Canadian softball player (born 1984)

Megan Timpf-Soto (born January 21, 1984) is a Canadian softball player.

==Life and career==
Timpf competed in the 2008 Summer Olympics for the Canadian women's national softball team under the tutelage of coach Lori Sippel; she has been a member of the national team since 2005. When Timpf plays softball, her position is either third base or shortstop. Timpf gives credit to her sister Amber for helping her get interested in softball. Even though Timpf had to recover through two anterior cruciate ligament (ACL) surgeries, she has continued to play softball.

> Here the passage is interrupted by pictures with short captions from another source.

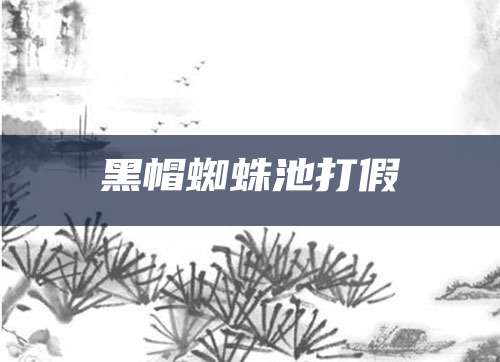 黑帽蜘蛛池打假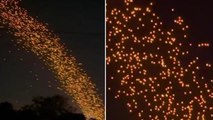 Floating lanterns form mesmerising stream of lights during Thai festival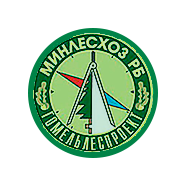 Гомельлеспроект, РДЛУП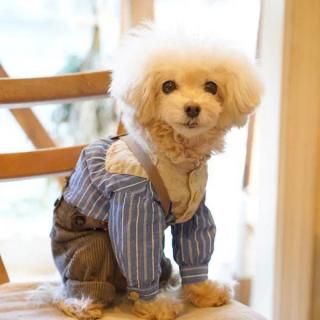ブルーブルーブルー blue bleu bleue」東京 駒沢にある雑貨・犬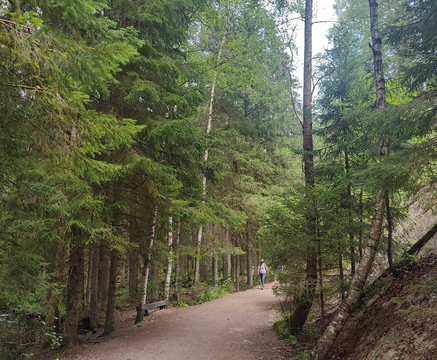 Elev8 Nature Experiences – Nuuksio Tours From Central Helsinki-赫尔辛基必去景点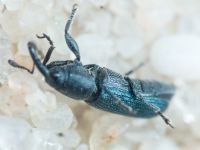 Mecinus janthinus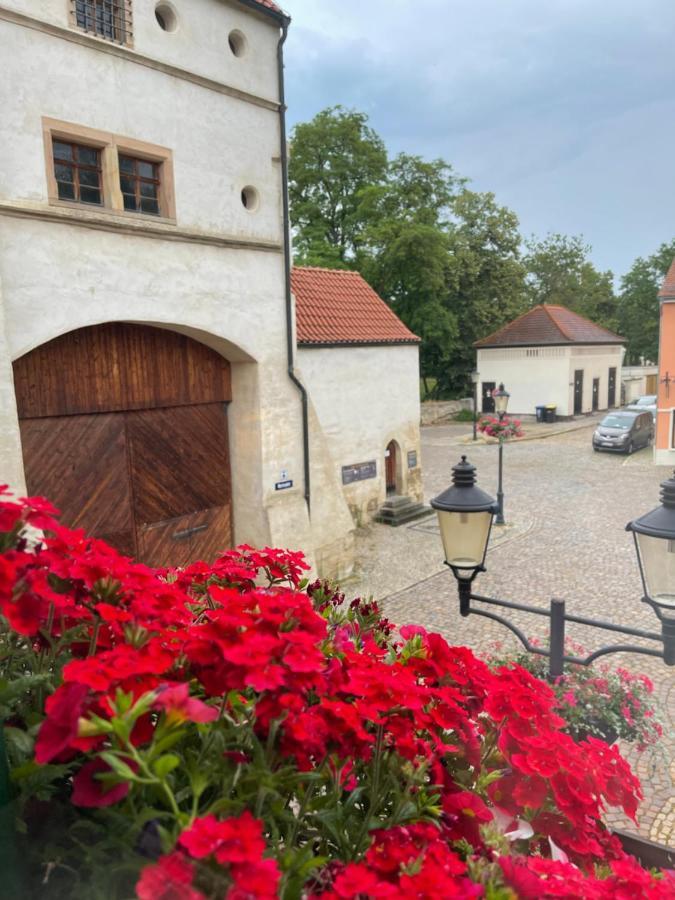 Pension Alt Naumburg Naumburg  Esterno foto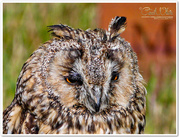 1st Jul 2015 - Long-Eared Owl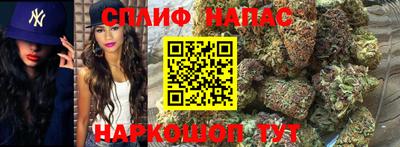 МДПВ Рыбинск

Timpf's parents are Peter and Andrea Timpf. She also attended Simcoe Composite School and graduated in 2008 with a certificate to become an elementary school teacher. She is an English-speaking right-handed Olympic athlete from Port Dover, Ontario, Canada (which is the major fishing hub of Norfolk County). During the 2008 Summer Olympics in Beijing, her team lost a medal-round match to the Australian women's national softball team by a score of 5-3 in favor of Australia. In her first year of college softball while attending the California University of Pennsylvania, Timpf managed to garner a .311 batting average (42 base hits out of 127 attempts) in addition to five home runs, 22 runs batted in, 26 runs scored and 97 assists.

At the 2011 Pan American Games, Timpf helped Canada to win a silver medal for softball. She has competed in many World Cups of Softball and Canada Cups.

At the 2015 Pan American Games, Timpf helped Canada to win a gold medal for softball.